[Information shown — start]

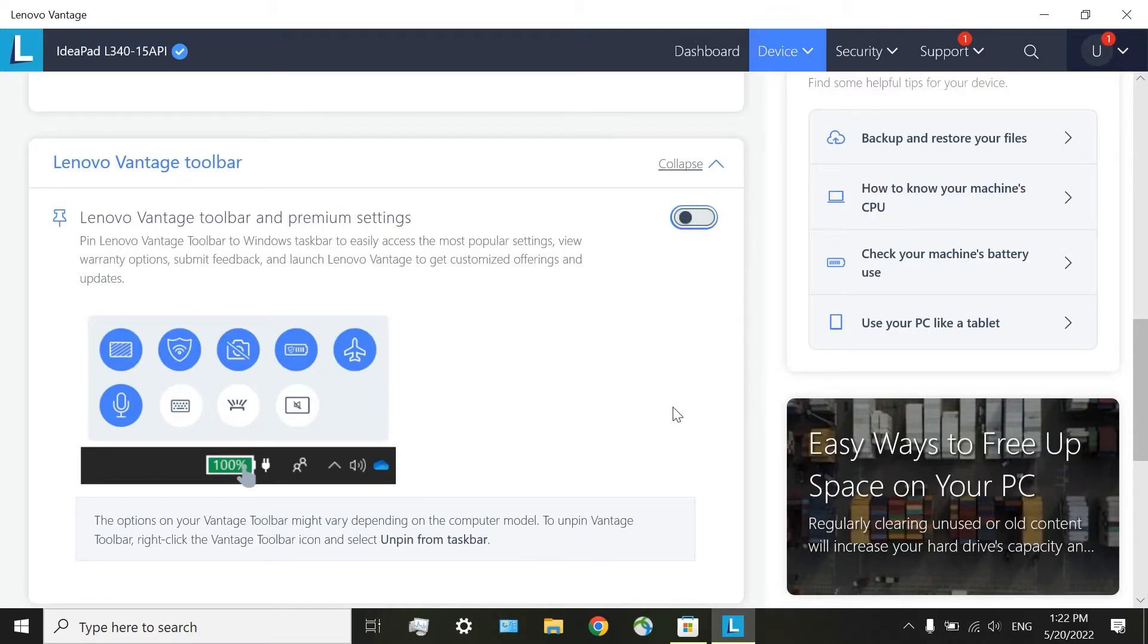This is a Lenovo Vantage toolbar. But when it is active, it dramatically increases the time that you need for starting up of your Windows.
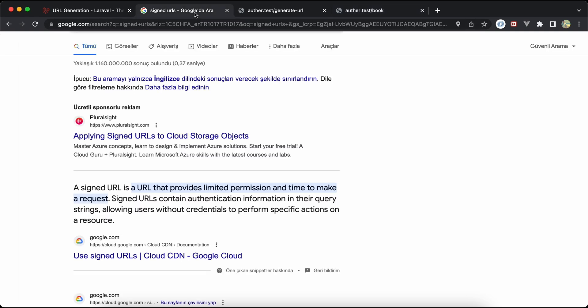Assalamualaikum guys, in this video we'll talk about signed URLs in Laravel. So first of all, what are signed URLs? If you go to Google here, it's limited permission URLs and contains authentication information in their query strings or query parameters without credentials.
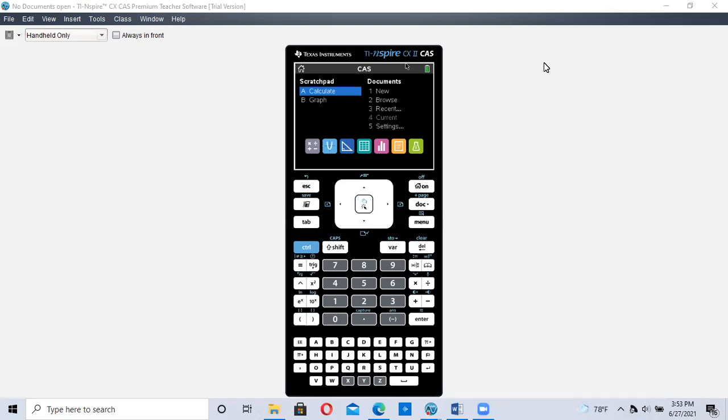This is how to create a scatter plot using the TI Inspire calculator. I'm on section 2.4 of the workbook.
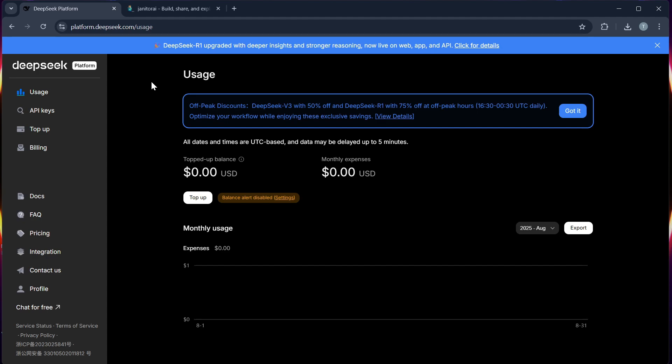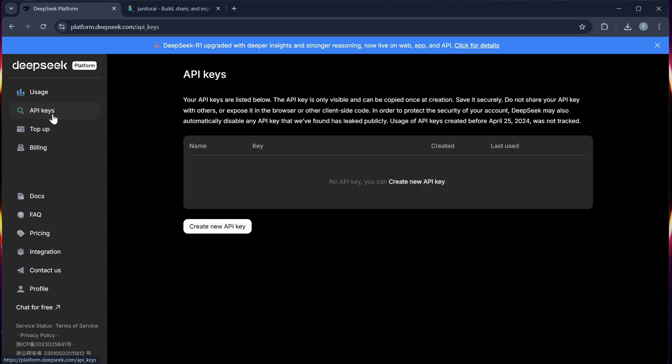Step 1. Create a DeepSeq account. Visit the DeepSeq's official website and sign up for an account. Once you are registered, log in to your dashboard to access your API keys.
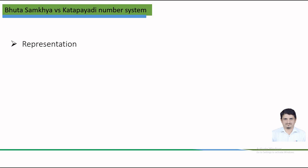Katapayadi number system is used to create numerical codes for words or phrases by assigning values to the letters and it is often used for encryption or memorization. On the other hand, the Bhuta-Sankhya system was used to write numbers as meaningful words or phrases and it was often used in literary works or inscriptions. The flexibility of Katapayadi number system can be understood as one letter was representing multiple numbers, offering some flexibility in encoding.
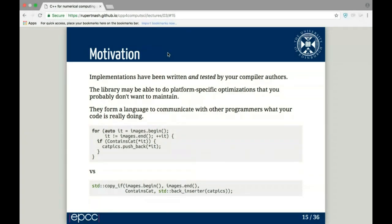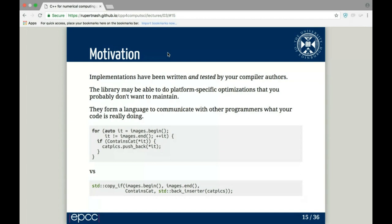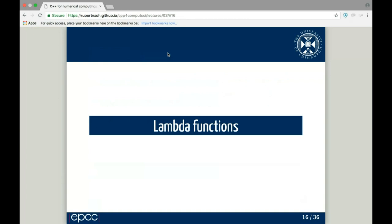One reason I find these algorithms useful is that they form a language to communicate with other people — and that includes yourself in the future. They express the intent of what you want to do. The first code fragment has to be read in detail, whereas the second example is much easier to understand at a glance: it's copying from the images collection into the cat_pics collection if the item contains 'cat'. You can read this much more quickly.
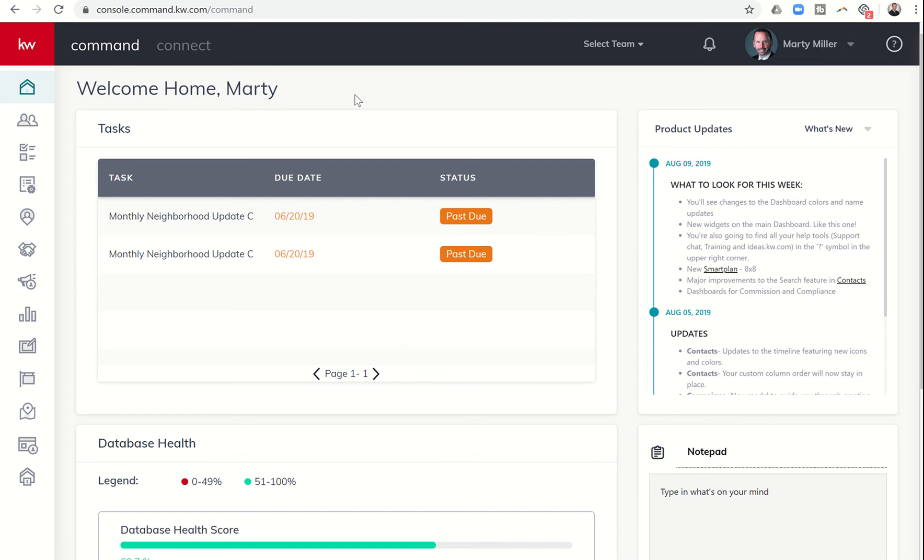Good morning Keller Williams and welcome back to the Command 66 Day Challenge 2.0 Day 41. This is Marty Miller coming to you from Houston, Texas.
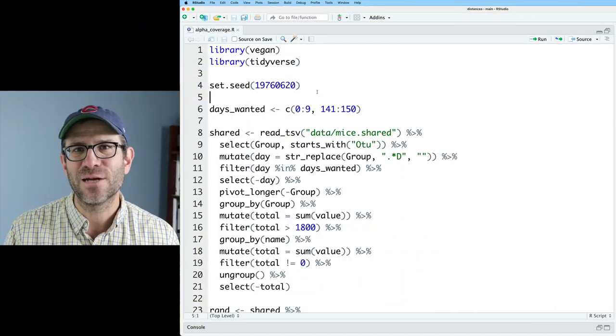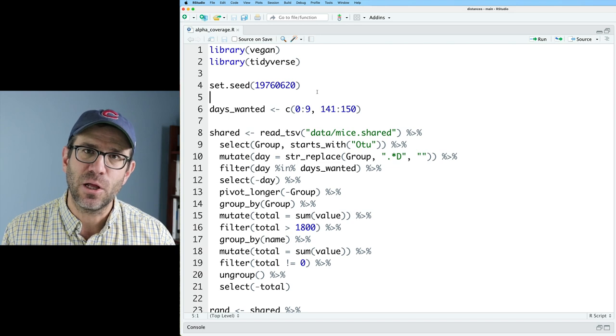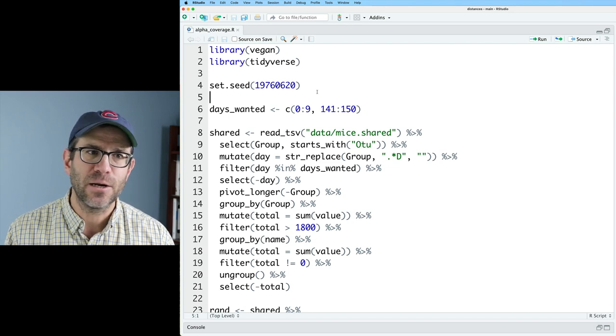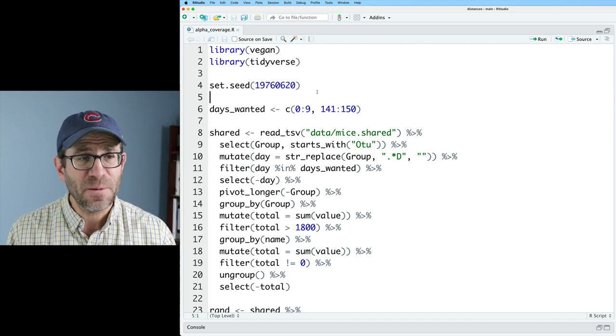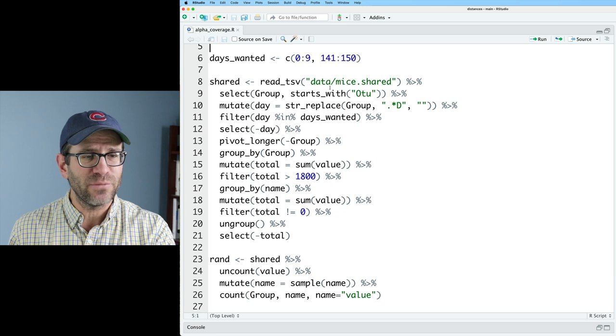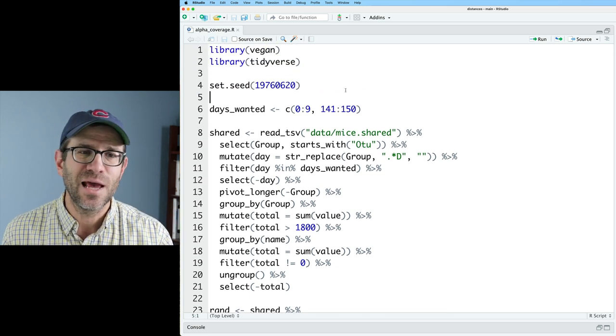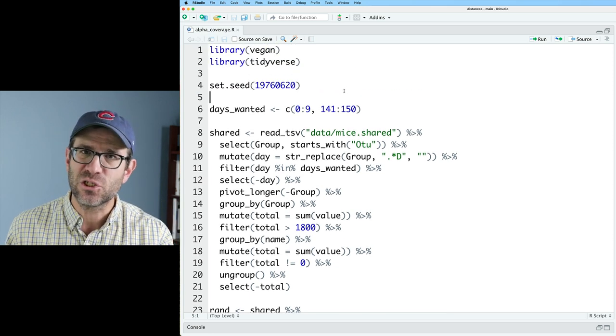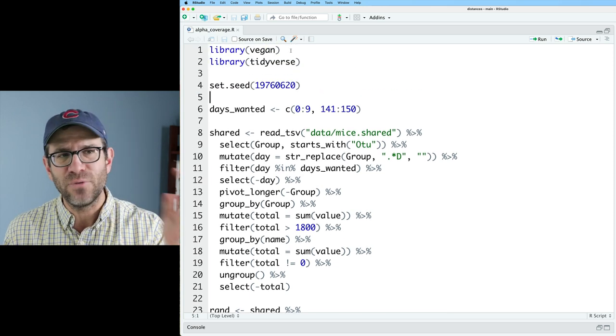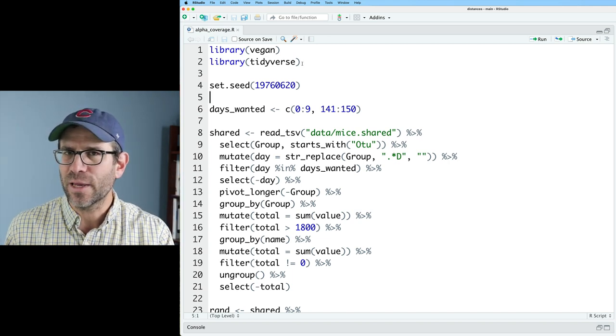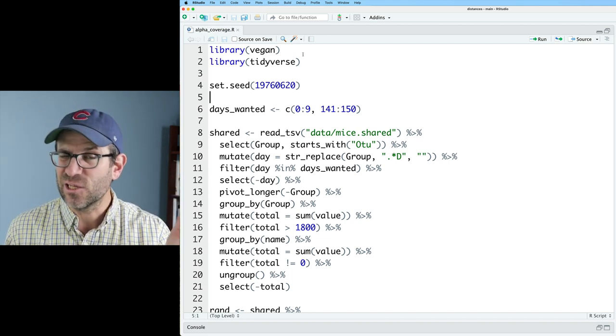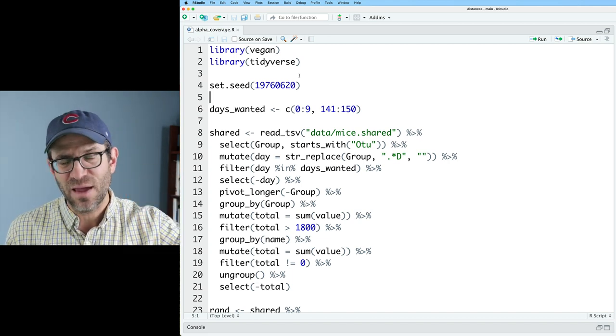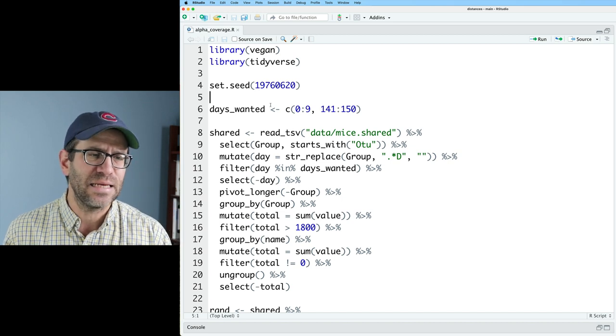As always, I'm working out of RStudio. I've got a script already set up here called alpha coverage dot R. This is basically what we've seen over the past several episodes as a starting point. We've got vegan, tidyverse that we're loading in as libraries. I don't think I'm going to actually use vegan, but we'll leave it in there as well as the set seed.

[Information shown — finish]

Every line from the one with "Step 1. Create" through the end of the material above should be restated word for word, with the pictures left out.

▶ Output below
Step 1. Create a DeepSeq account. Visit the DeepSeq's official website and sign up for an account. Once you are registered, log in to your dashboard to access your API keys.
Katapayadi number system is used to create numerical codes for words or phrases by assigning values to the letters and it is often used for encryption or memorization. On the other hand, the Bhuta-Sankhya system was used to write numbers as meaningful words or phrases and it was often used in literary works or inscriptions. The flexibility of Katapayadi number system can be understood as one letter was representing multiple numbers, offering some flexibility in encoding.
One reason I find these algorithms useful is that they form a language to communicate with other people — and that includes yourself in the future. They express the intent of what you want to do. The first code fragment has to be read in detail, whereas the second example is much easier to understand at a glance: it's copying from the images collection into the cat_pics collection if the item contains 'cat'. You can read this much more quickly.
Good morning Keller Williams and welcome back to the Command 66 Day Challenge 2.0 Day 41. This is Marty Miller coming to you from Houston, Texas.
As always, I'm working out of RStudio. I've got a script already set up here called alpha coverage dot R. This is basically what we've seen over the past several episodes as a starting point. We've got vegan, tidyverse that we're loading in as libraries. I don't think I'm going to actually use vegan, but we'll leave it in there as well as the set seed.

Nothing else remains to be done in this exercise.